Singapore: Merchandise trade surplus narrows in February
Latest reading: In February, the trade balance was USD +3.6 billion, following a USD +9.8 billion reading in the previous month. Over the last 12 months, the trade balance summed to +67.8 USD billion.
Non-oil domestic exports (NODX) increased 4.0% in year-on-year terms in February, down from a 9.2% expansion in the previous month. February’s reading was below market expectations.
The year-on-year slowdown was driven by a sharper contraction in non-electronic NODX. In contrast, exports of integrated circuits and disk-media products surged, suggesting underlying tech demand remains resilient.
On a seasonally adjusted month-on-month basis, NODX strengthened 3.9% in February, accelerating from a downwardly revised 0.6% increase in the prior month.
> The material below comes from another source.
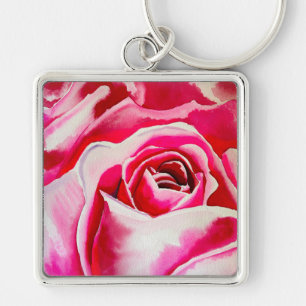 Porte-clés Rose roses romantique aquarelle art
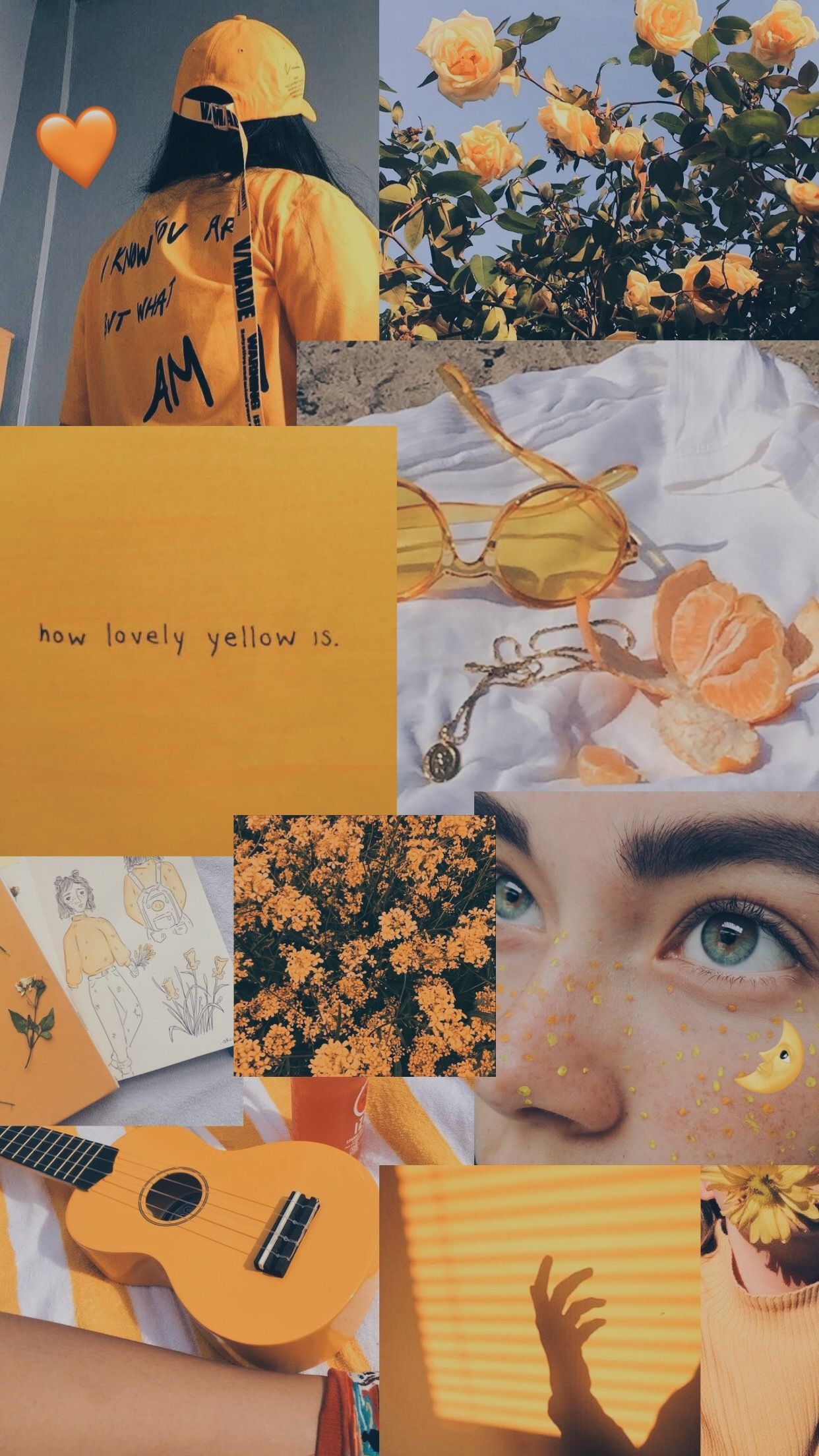 Collage, Gelber Pullover, Rosen, Augen, Ukulele, Full HD, Hintergrundbild fürs Handy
Panelist insight: Commenting on the outlook, Nomura’s Euben Paracuelles and Yiru Chen said:
“We maintain our 2026 GDP growth forecast of 3.7%, which is in the upper half of the latest official forecast range of 2.0-4.0% and above the consensus forecast of 3.3%. We expect underlying NODX momentum to hold up in coming months, helped by the sustained global tech uptrend and broadening AI-related demand, which in turn should continue to boost manufacturing output. In addition, transshipment activity, partly due to the still-low US effective tariff rate despite the reimposition of the 15% global tariff will likely continue to cause positive spillovers to trade-related services.”